→ **Your goal**
Every line of the listing below should come back exactly as written, with no images.

→ **Information supplied**
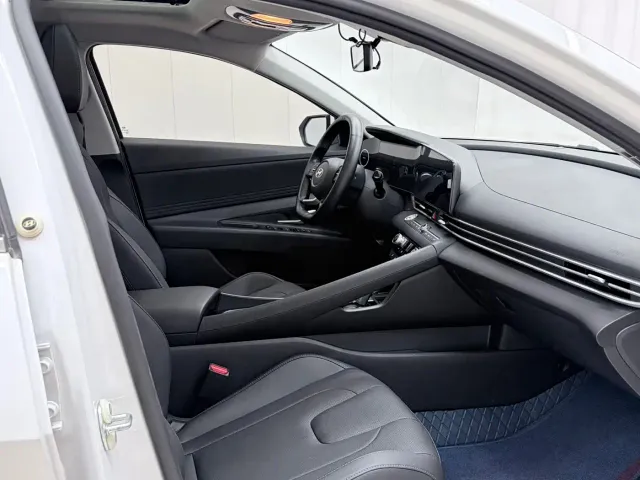 Hyundai Elantra — Фото автомобиля 19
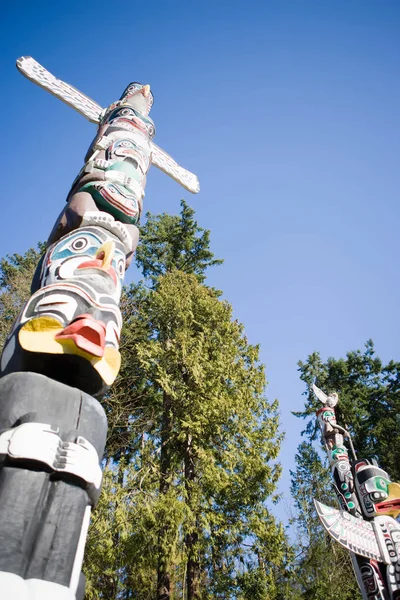 Totem pólos em stanley park vancouver — Fotografia de Stock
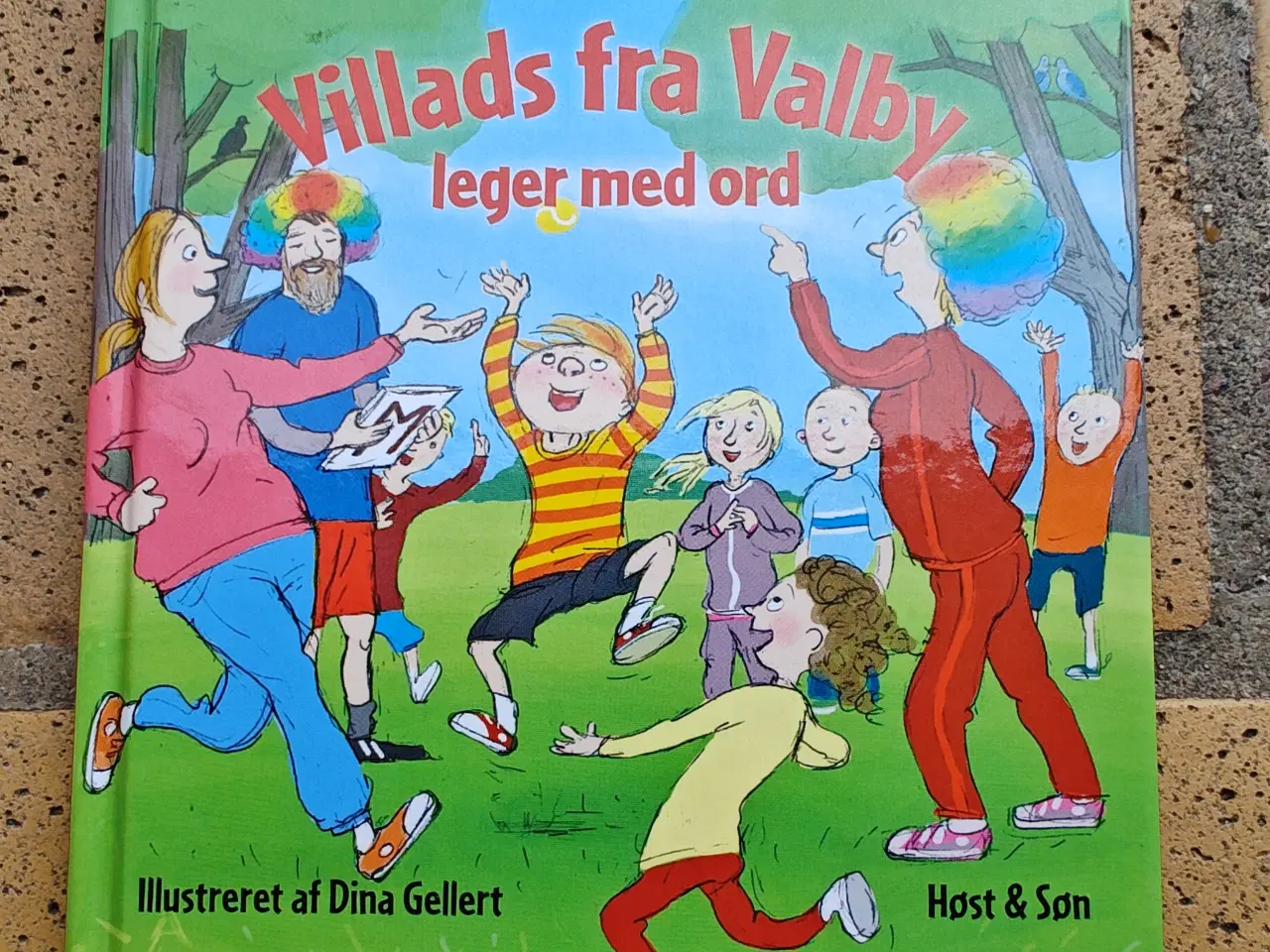 Billede 1 - Villads fra Valby leger med ord BOG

→ **Solution below**
 Hyundai Elantra — Фото автомобиля 19
 Totem pólos em stanley park vancouver — Fotografia de Stock
 Billede 1 - Villads fra Valby leger med ord BOG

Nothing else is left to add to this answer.